Records for this task Block Start
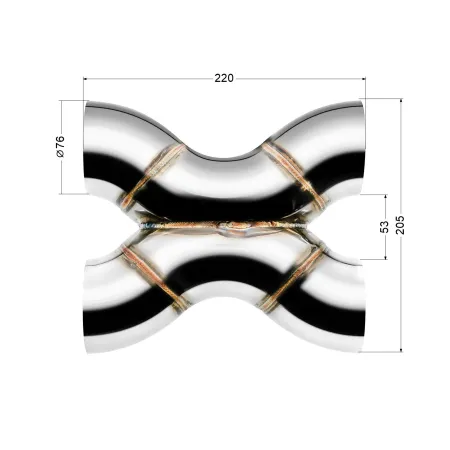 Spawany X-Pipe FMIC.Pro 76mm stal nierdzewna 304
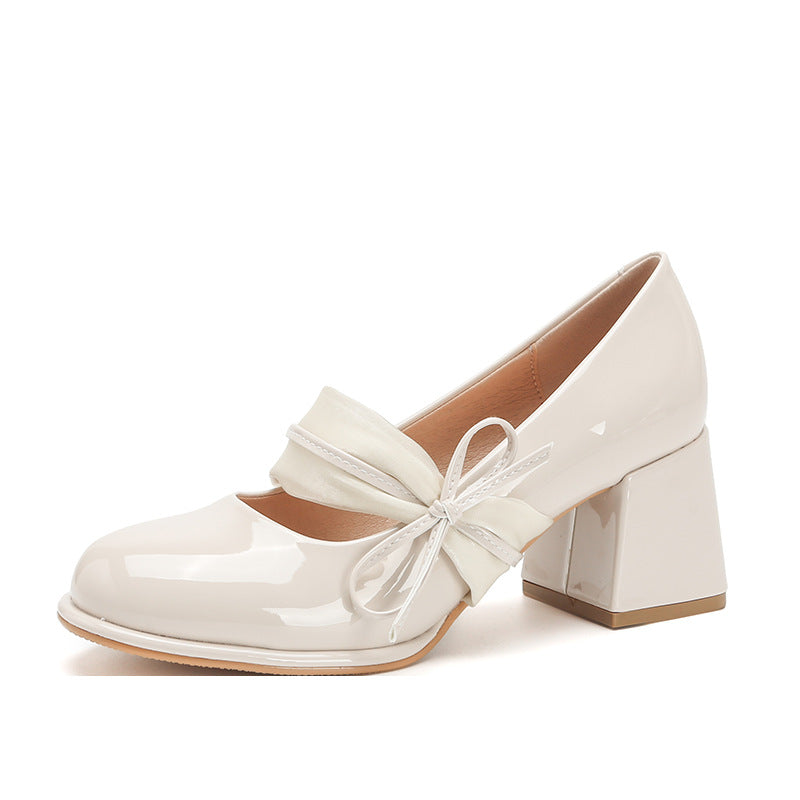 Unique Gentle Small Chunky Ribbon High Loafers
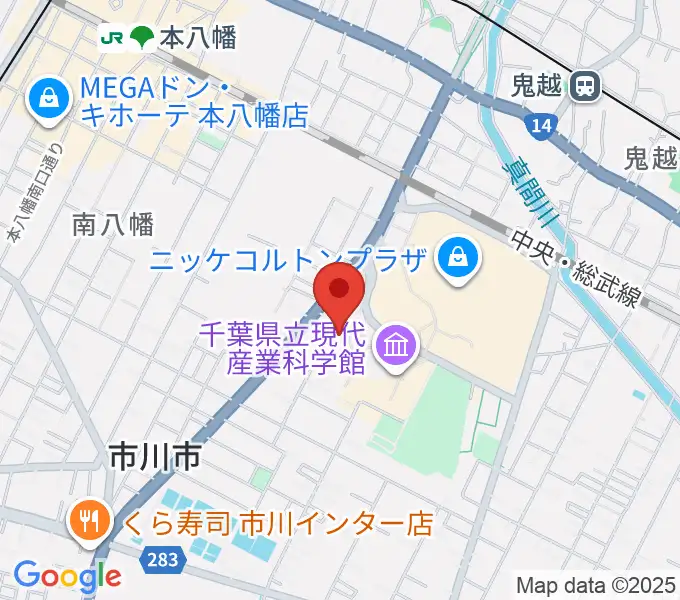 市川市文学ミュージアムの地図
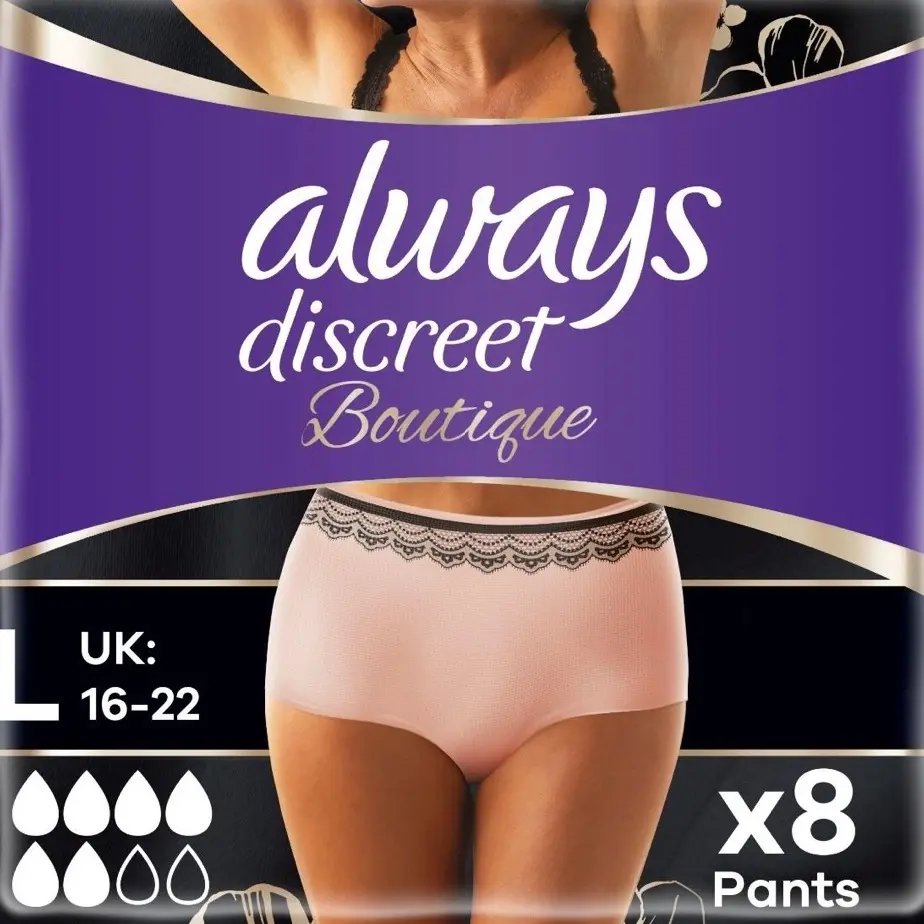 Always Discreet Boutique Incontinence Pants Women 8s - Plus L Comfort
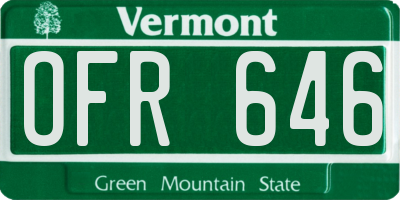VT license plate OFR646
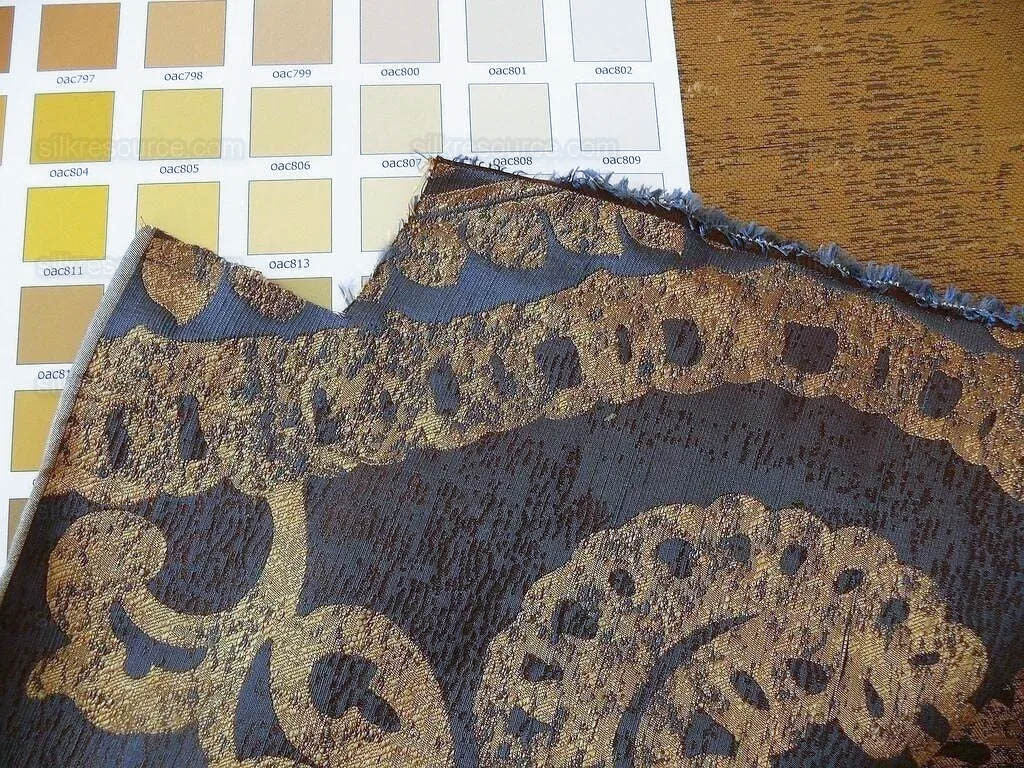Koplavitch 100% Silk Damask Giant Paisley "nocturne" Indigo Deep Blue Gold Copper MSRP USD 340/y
Records for this task Block End
Problem to solve: Write out each entry again exactly, and skip the pictures.

Response to this exercise:
 Spawany X-Pipe FMIC.Pro 76mm stal nierdzewna 304
 Unique Gentle Small Chunky Ribbon High Loafers
 市川市文学ミュージアムの地図
 Always Discreet Boutique Incontinence Pants Women 8s - Plus L Comfort
VT license plate OFR646
Koplavitch 100% Silk Damask Giant Paisley "nocturne" Indigo Deep Blue Gold Copper MSRP USD 340/y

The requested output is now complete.